▶ **Your task**
Reproduce exactly the run of lines that begins with the one containing "Barulab The Clean" and ends with the last line of the records, omitting pictures.

|---|

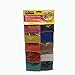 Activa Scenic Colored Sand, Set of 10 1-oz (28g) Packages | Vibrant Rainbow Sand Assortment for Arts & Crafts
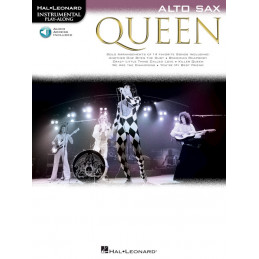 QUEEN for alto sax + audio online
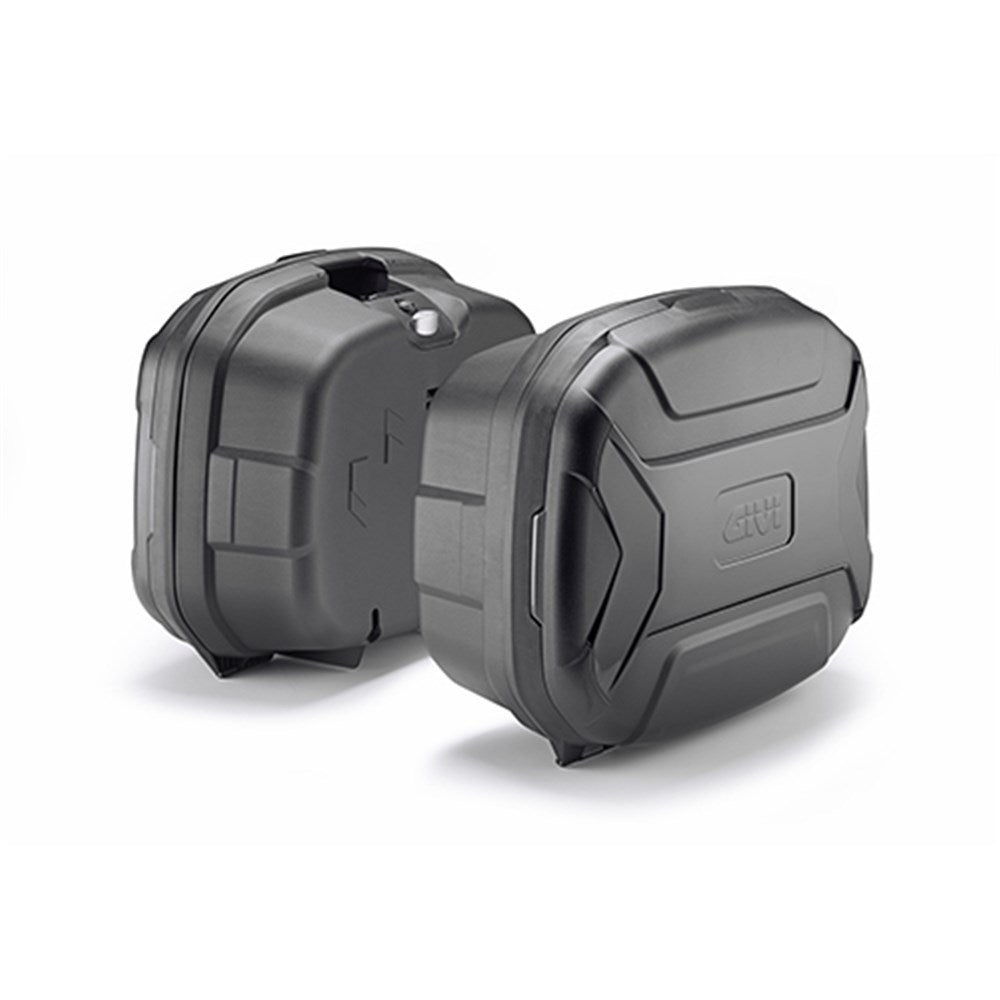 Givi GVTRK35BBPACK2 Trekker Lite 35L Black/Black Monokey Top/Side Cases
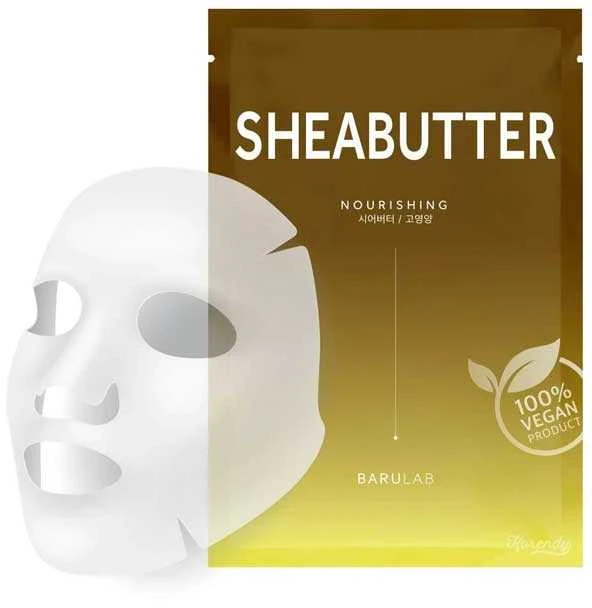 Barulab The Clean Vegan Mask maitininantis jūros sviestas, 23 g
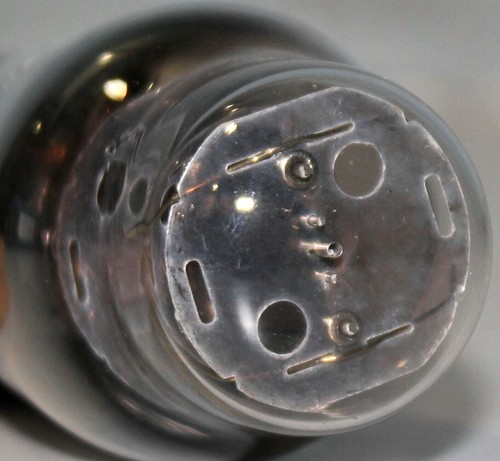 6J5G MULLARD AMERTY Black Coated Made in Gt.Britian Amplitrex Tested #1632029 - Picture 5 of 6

|---|

▶ **Solution**
 Barulab The Clean Vegan Mask maitininantis jūros sviestas, 23 g
 6J5G MULLARD AMERTY Black Coated Made in Gt.Britian Amplitrex Tested #1632029 - Picture 5 of 6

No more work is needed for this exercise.